**DIRECTIONS:** Only an exact copy belongs in the answer: the line with "Perfect Pools Swimming" and every line after it through the end of the records, pictures left out.

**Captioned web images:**
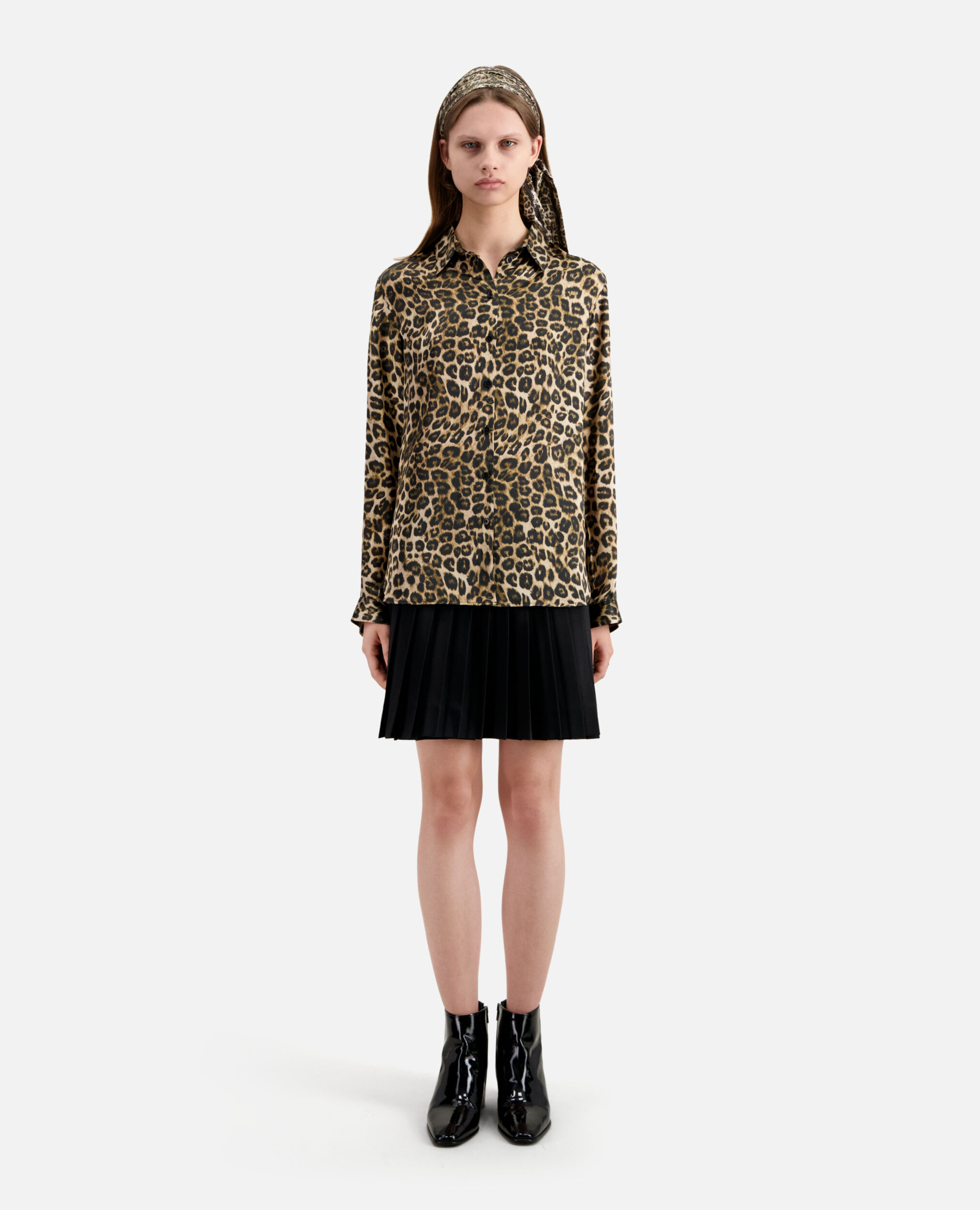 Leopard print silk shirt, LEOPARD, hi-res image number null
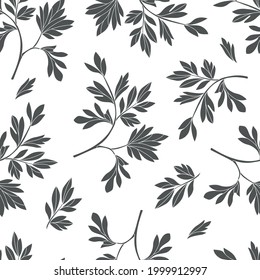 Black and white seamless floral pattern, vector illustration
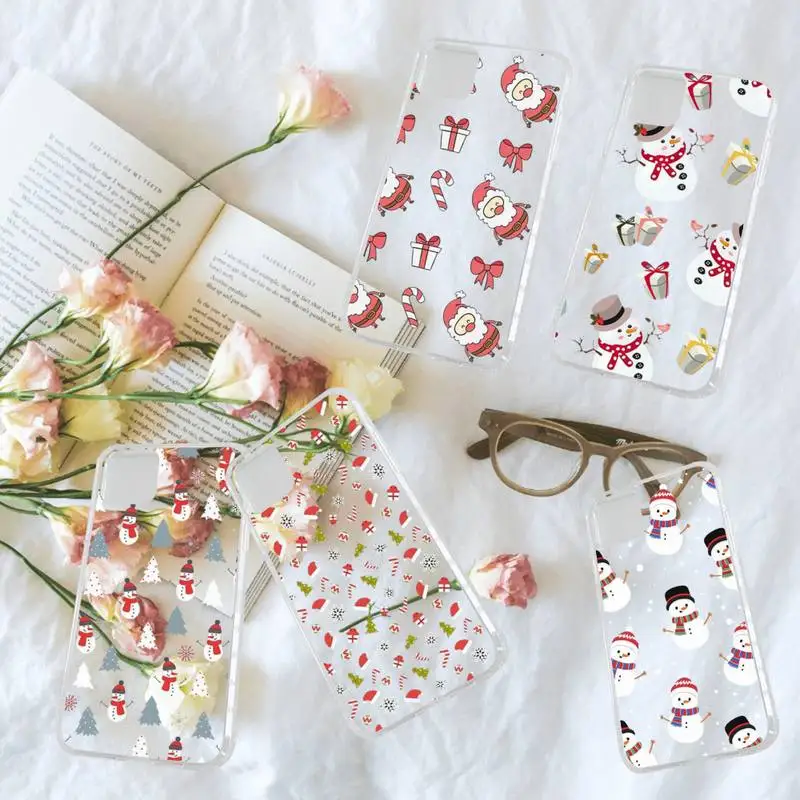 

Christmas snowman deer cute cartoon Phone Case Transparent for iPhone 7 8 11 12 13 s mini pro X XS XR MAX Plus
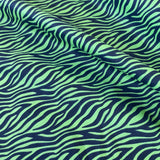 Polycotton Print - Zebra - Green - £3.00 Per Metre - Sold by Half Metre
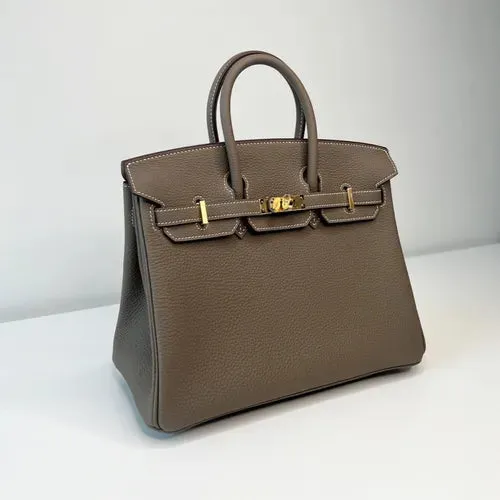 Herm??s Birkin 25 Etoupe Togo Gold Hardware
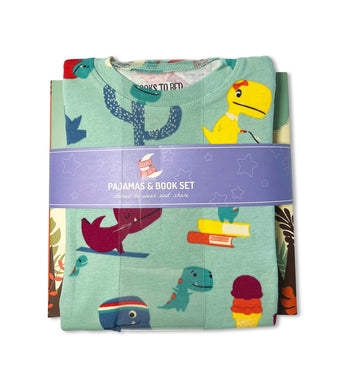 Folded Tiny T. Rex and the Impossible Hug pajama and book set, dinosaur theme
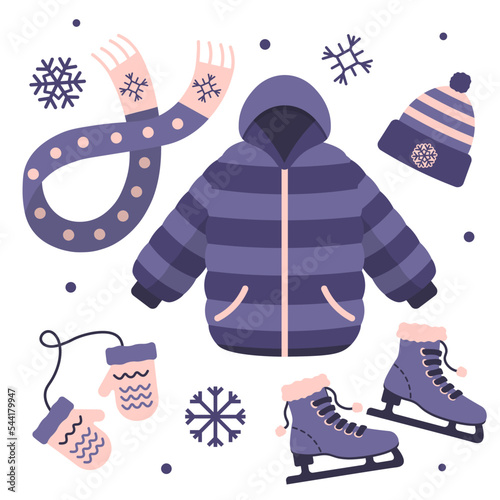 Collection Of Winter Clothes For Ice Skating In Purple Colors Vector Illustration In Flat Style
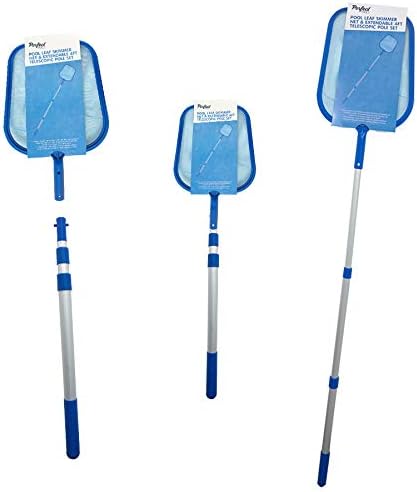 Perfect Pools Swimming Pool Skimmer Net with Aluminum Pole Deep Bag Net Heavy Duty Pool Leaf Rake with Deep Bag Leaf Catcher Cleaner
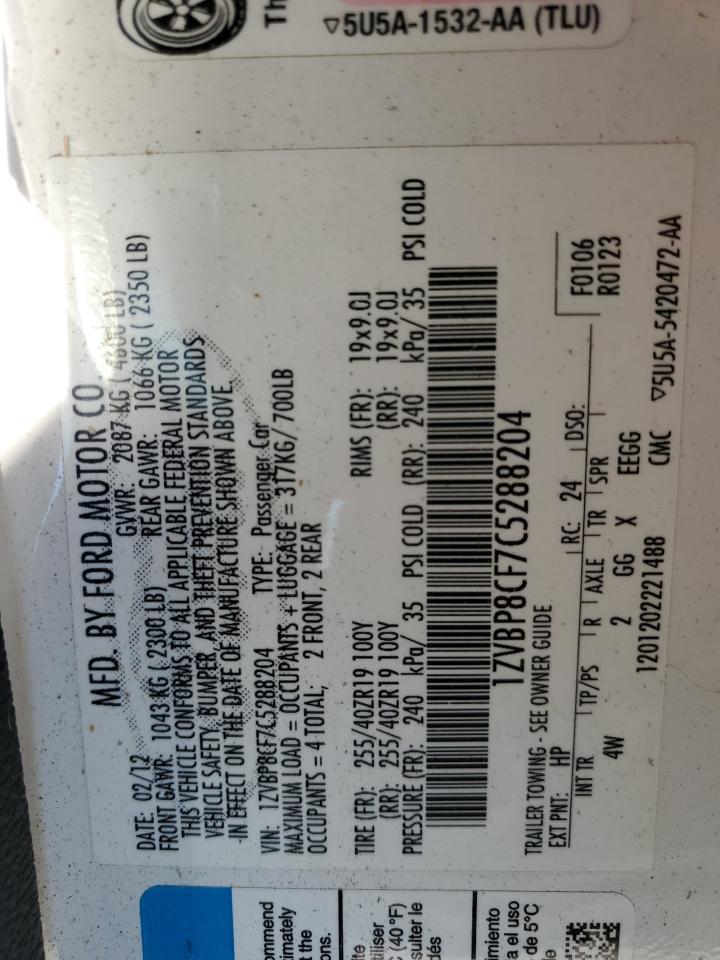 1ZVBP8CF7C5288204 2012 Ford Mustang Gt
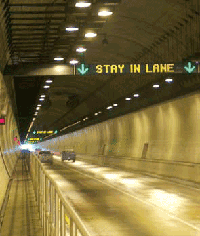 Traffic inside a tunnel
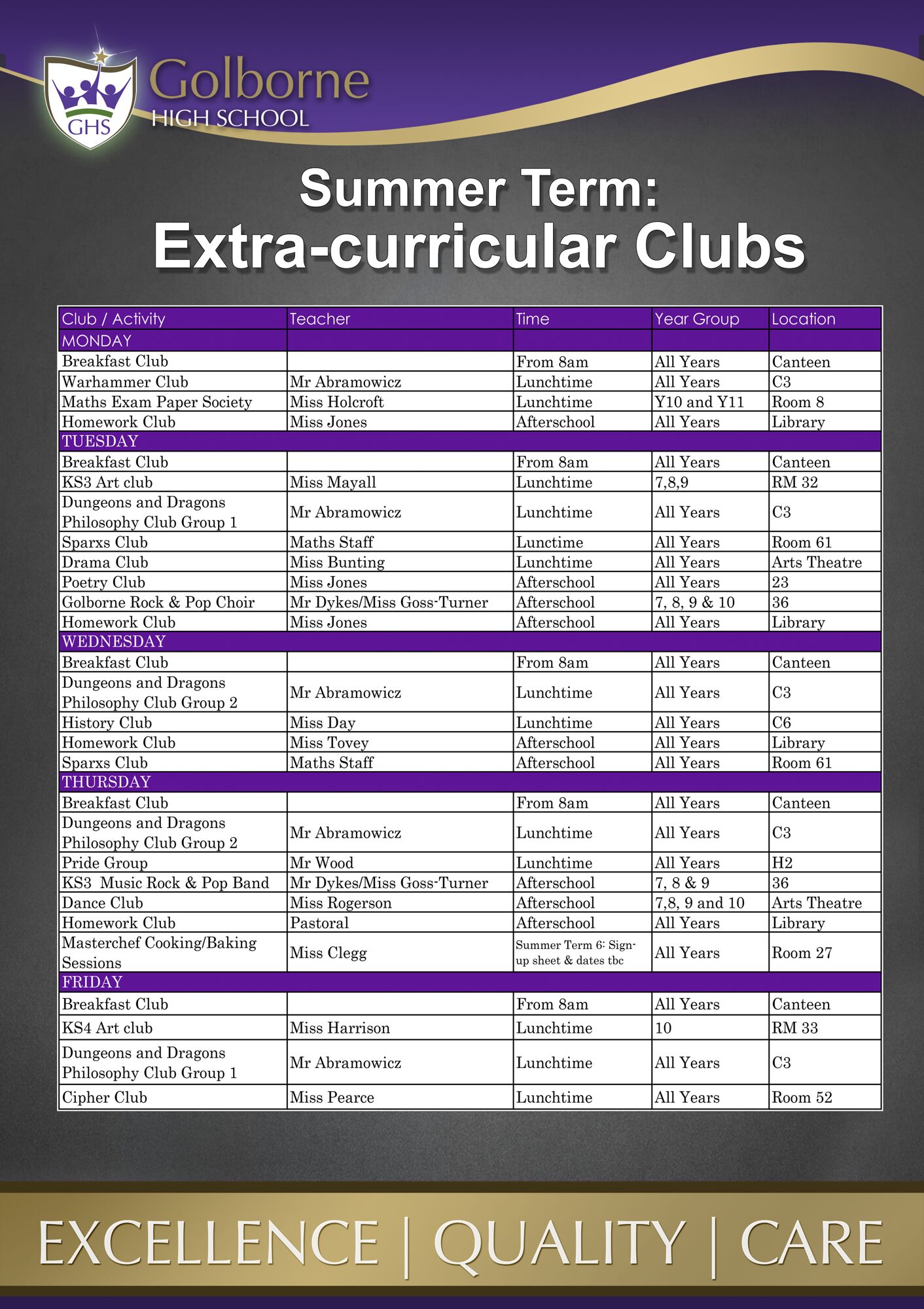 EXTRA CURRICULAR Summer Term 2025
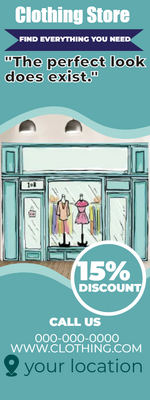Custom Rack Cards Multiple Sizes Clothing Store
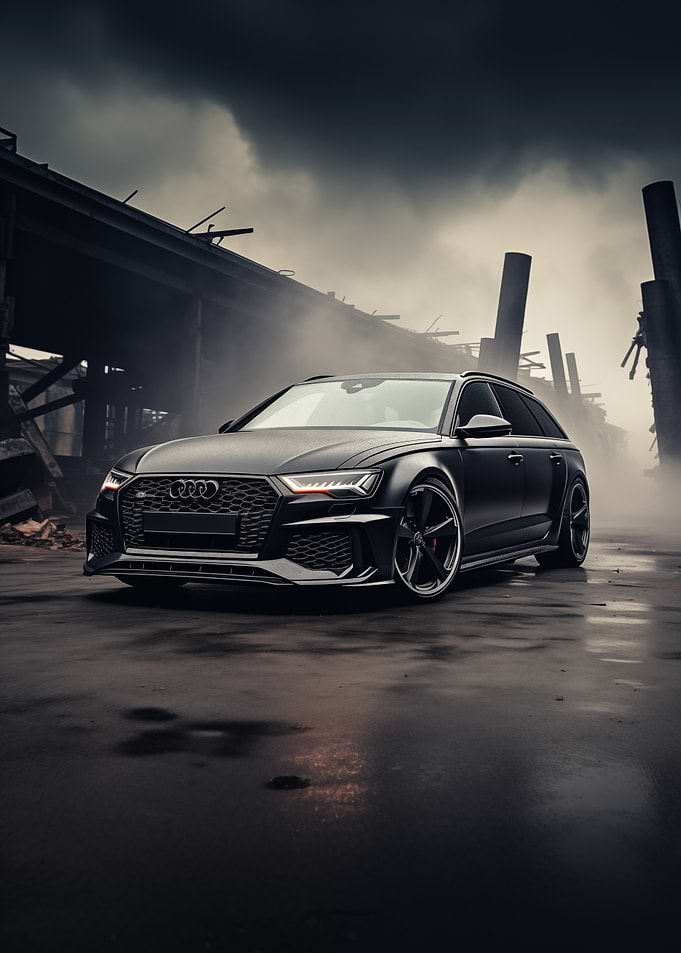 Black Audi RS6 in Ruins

**WRITTEN RESPONSE:**
 Perfect Pools Swimming Pool Skimmer Net with Aluminum Pole Deep Bag Net Heavy Duty Pool Leaf Rake with Deep Bag Leaf Catcher Cleaner
 1ZVBP8CF7C5288204 2012 Ford Mustang Gt
 Traffic inside a tunnel
 EXTRA CURRICULAR Summer Term 2025
Custom Rack Cards Multiple Sizes Clothing Store
 Black Audi RS6 in Ruins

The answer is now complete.